Your instructions:
Please reproduce the listing verbatim, without its images.

Dataset content:
----

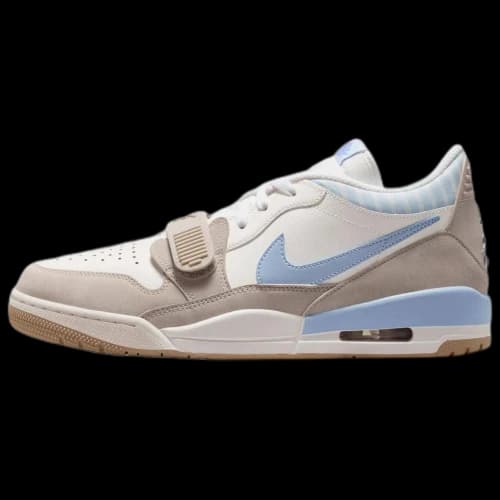 Air Jordan Legacy 312 Pinstripe Pack 'Sail Royal Pulse'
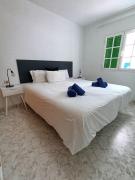 Top Punta de Mujeres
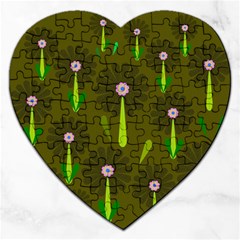 Zappwaits Jigsaw Puzzle (heart) by zappwaits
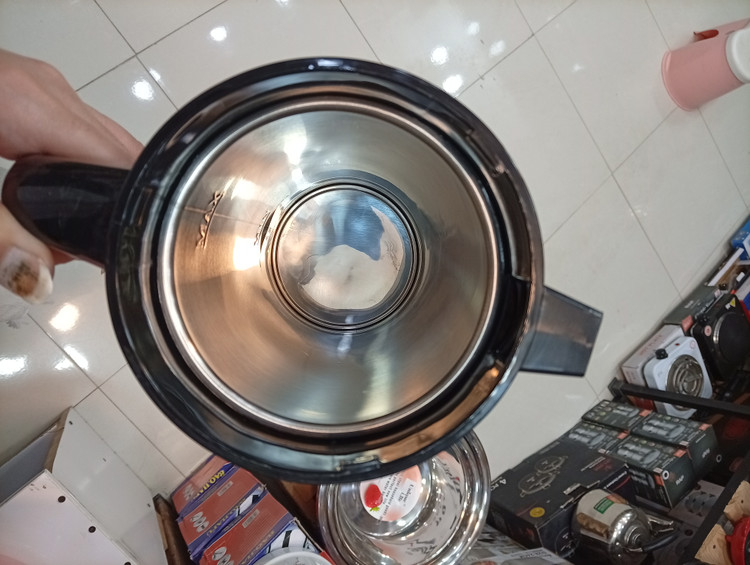 چایساز برقی مارادو مدلMA-3304/کتری برقی مارادوMa-3304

----

Your response:
 Air Jordan Legacy 312 Pinstripe Pack 'Sail Royal Pulse'
 Top Punta de Mujeres
 Zappwaits Jigsaw Puzzle (heart) by zappwaits
 چایساز برقی مارادو مدلMA-3304/کتری برقی مارادوMa-3304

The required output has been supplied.